WORK REQUEST:
Repeat precisely the span of lines below that opens with the line containing "適用thomson湯姆遜液晶電視機遙控器萬能通用智能網路遙控板" and closes with the line containing "Canon ef 50 1.2 L (3 foto / 3)", both included.

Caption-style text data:
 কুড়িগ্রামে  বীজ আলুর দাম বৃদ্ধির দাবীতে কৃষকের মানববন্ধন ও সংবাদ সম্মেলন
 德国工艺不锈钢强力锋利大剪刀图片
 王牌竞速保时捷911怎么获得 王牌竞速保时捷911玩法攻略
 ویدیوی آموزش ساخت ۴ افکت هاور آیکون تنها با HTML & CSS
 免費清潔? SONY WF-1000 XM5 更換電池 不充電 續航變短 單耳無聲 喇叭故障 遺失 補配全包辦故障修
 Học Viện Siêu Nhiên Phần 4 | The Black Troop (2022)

...

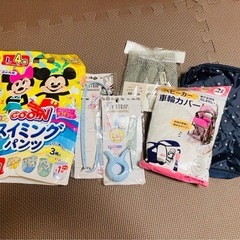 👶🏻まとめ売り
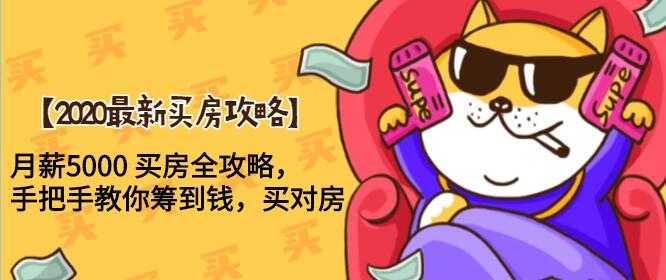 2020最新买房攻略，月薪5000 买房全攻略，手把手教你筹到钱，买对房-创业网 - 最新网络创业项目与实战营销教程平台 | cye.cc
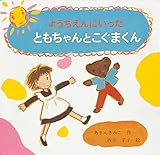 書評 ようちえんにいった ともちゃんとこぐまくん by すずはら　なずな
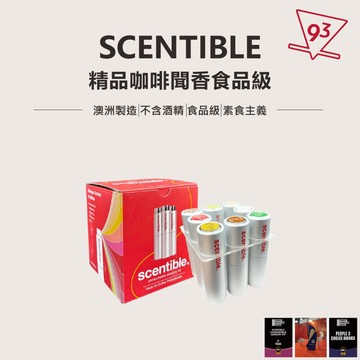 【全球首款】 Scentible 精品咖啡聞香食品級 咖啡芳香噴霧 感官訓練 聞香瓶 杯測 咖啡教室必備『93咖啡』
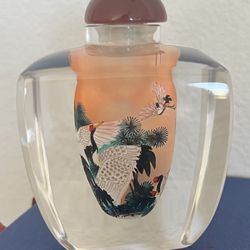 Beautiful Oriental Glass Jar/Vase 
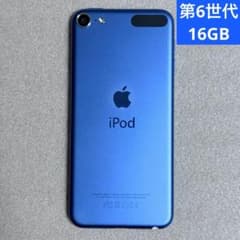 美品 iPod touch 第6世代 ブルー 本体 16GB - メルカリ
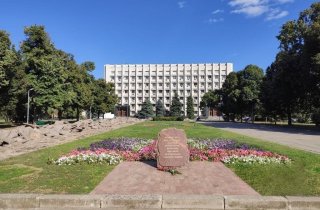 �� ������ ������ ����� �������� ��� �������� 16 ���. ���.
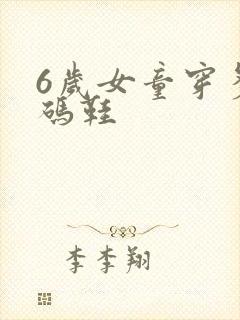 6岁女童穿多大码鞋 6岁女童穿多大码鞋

* * *

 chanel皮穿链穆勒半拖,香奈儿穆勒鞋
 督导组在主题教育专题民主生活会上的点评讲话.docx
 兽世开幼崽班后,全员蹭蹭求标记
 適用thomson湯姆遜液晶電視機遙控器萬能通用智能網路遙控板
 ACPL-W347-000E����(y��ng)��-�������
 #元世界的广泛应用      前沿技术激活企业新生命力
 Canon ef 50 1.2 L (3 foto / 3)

THE ANSWER:
 適用thomson湯姆遜液晶電視機遙控器萬能通用智能網路遙控板
 ACPL-W347-000E����(y��ng)��-�������
 #元世界的广泛应用      前沿技术激活企业新生命力
 Canon ef 50 1.2 L (3 foto / 3)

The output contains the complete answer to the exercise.